**The data:**
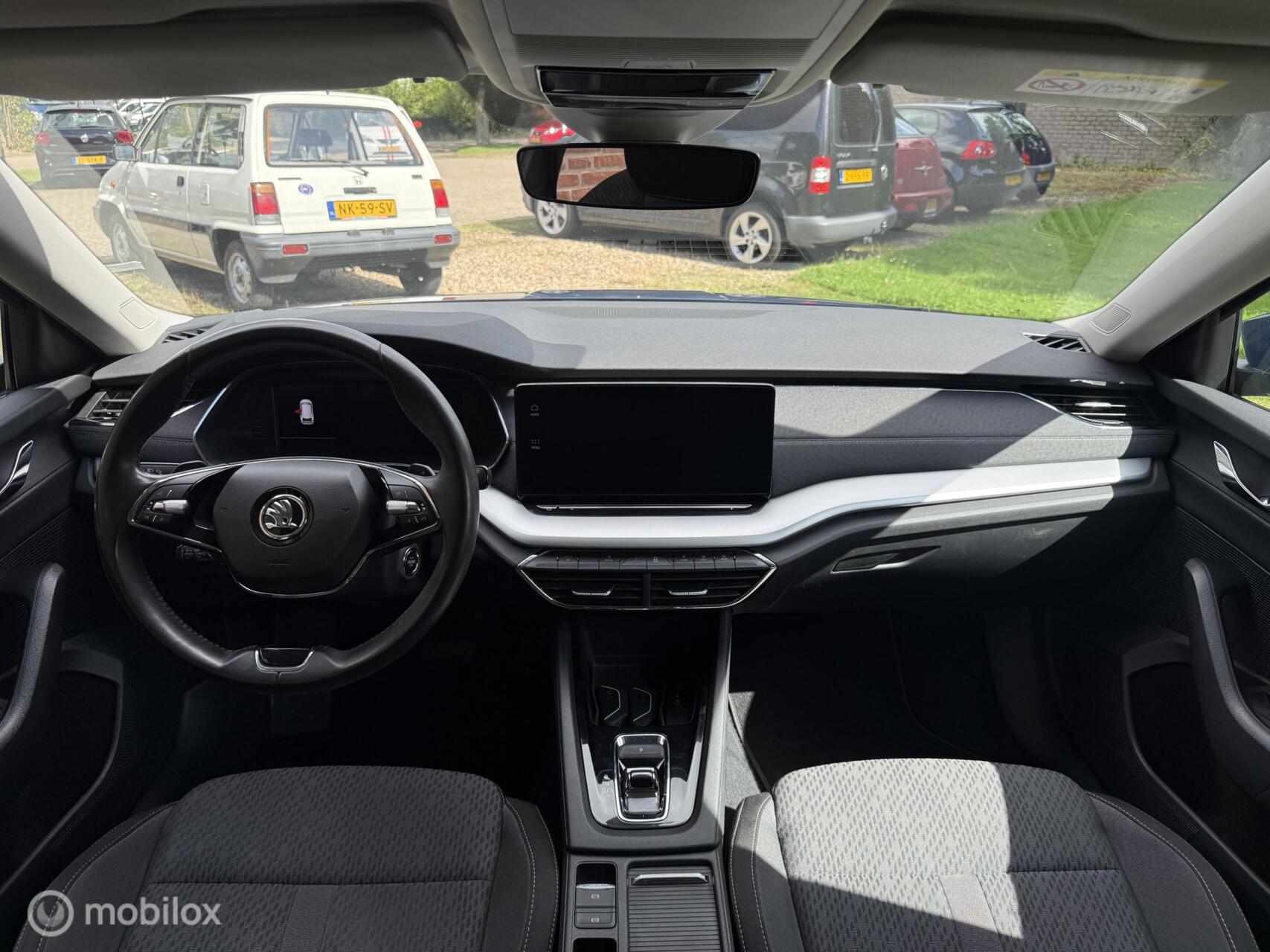 Foto van Skoda Octavia
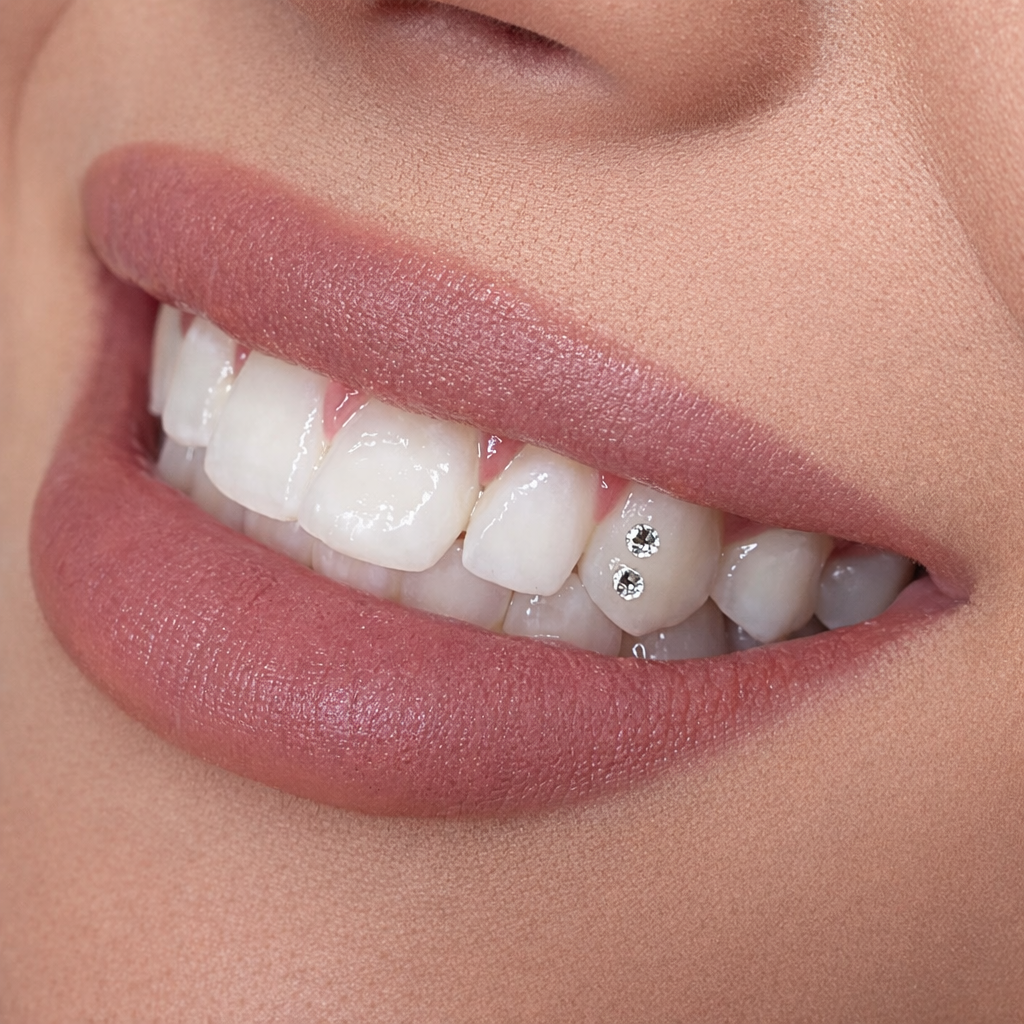 Un sourire qui brille de mille eclats.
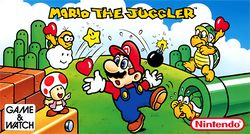 Mario the store juggler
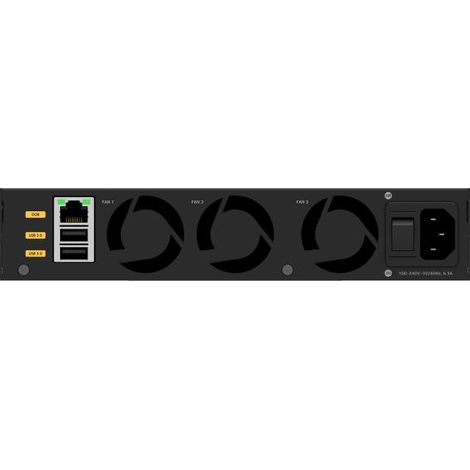 NETGEAR M4350-8X8F Gestito L3 10G Ethernet (100/1000/10000) 1U Nero (1/4)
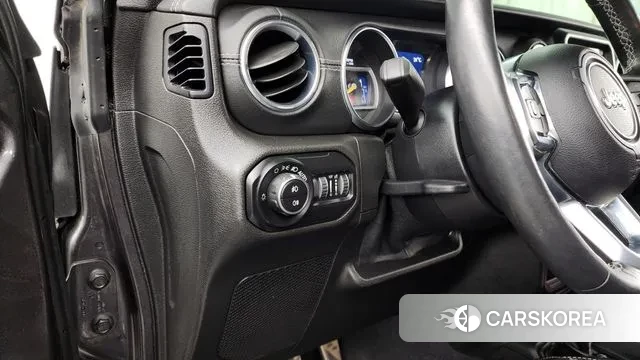 Jeep Wrangler (JL) 2019 Серый из Кореи, фото 5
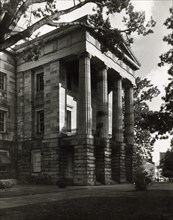 State Capitol, Raleigh, Wake County, North Carolina, 1938.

**Required work:** Before printing the records again, strip out the pictures; change nothing else.

**Solution to the problem:**
 Foto van Skoda Octavia
 Un sourire qui brille de mille eclats.
 Mario the store juggler
 NETGEAR M4350-8X8F Gestito L3 10G Ethernet (100/1000/10000) 1U Nero (1/4)
 Jeep Wrangler (JL) 2019 Серый из Кореи, фото 5
 State Capitol, Raleigh, Wake County, North Carolina, 1938.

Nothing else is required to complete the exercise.